The big news from the Federal Reserve wasn’t the quarter point rate hike (which was expected). The big news was Fed chair Janet Yellen’s announcement of “balance sheet normalization.”
In plain English, the Fed claims it will begin selling off assets from its balance sheet, which remains bloated from previous Quantitative Easing programs. If “normalization” does actually proceed at full speed, it would entail $ 50 billion in financial assets per month being dumped into the market.
Not even Fed officials know how markets will react to the fire sale. But it will likely have the effect of a set of stealth rate hikes. That’s assuming Yellen follows through on her “normalization” threat.

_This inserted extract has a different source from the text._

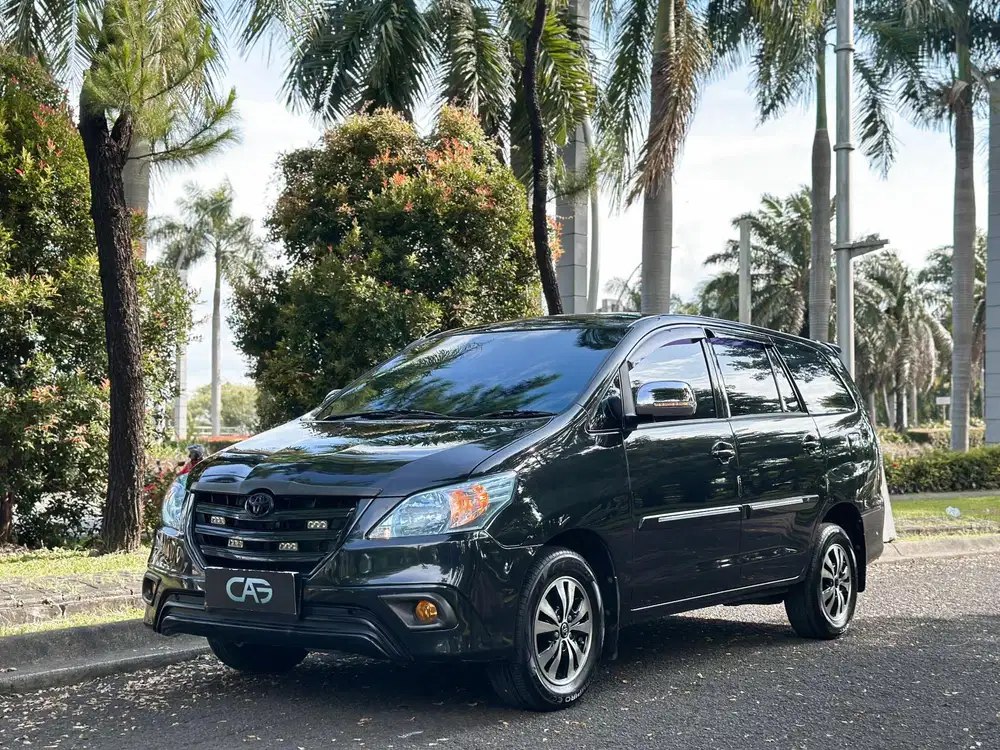 TOYOTA KIJANG INNOVA G DIESEL 2KD LUXURY SOLAR 2014 AUTOMATIC MATIC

Despite Yellen’s hawkish tone, Fed fund futures markets are pricing in only a 45% chance of another rate hike before the end of the year. The central bank may not get very far in unwinding its balance sheet either, especially given extant economic fragilities.

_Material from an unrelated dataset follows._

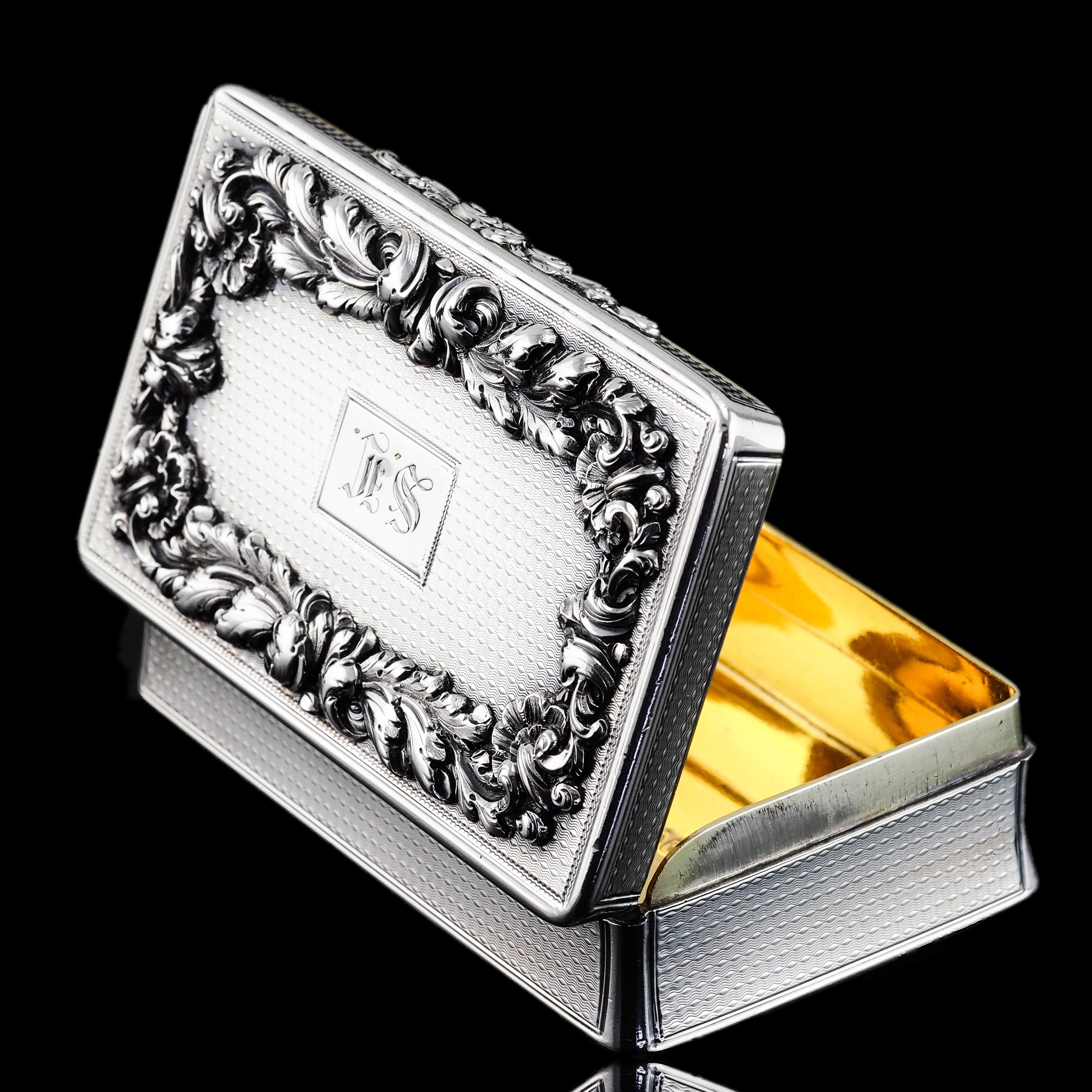 Antique Large & Heavy Solid Silver Snuff Box with Cast Acanthus Border - 1838 For Sale 3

Retail sales have slumped for four straight months even as consumers ramp up their debt loads to dangerous levels. “Household borrowings have surged to a record $ 12.73 trillion, and the percentage of debt that is overdue has risen for two consecutive quarters,” reports Bloomberg.
With commodity prices and Consumer Price Index readings on the decline in recent months, the Fed now risks pushing the economy into recession.
Of course, things are still going swimmingly on Wall Street. The Dow Jones Industrials closed last Friday at another slight new record high at 21,384.
However, the Nasdaq 100 closed down to a four-week low. Top Nasdaq names such as Apple, Google, and Baidu had been the market leaders. The fact that they are now lagging spells potential trouble for the broader stock market.
Volatility in the stock market has been muted for so long that when fear finally breaks out, the magnitude of the price drops that follow could catch investors by surprise. The upshot of a sell-off in stocks is that it could rekindle a rise in safe-haven demand for the money metals.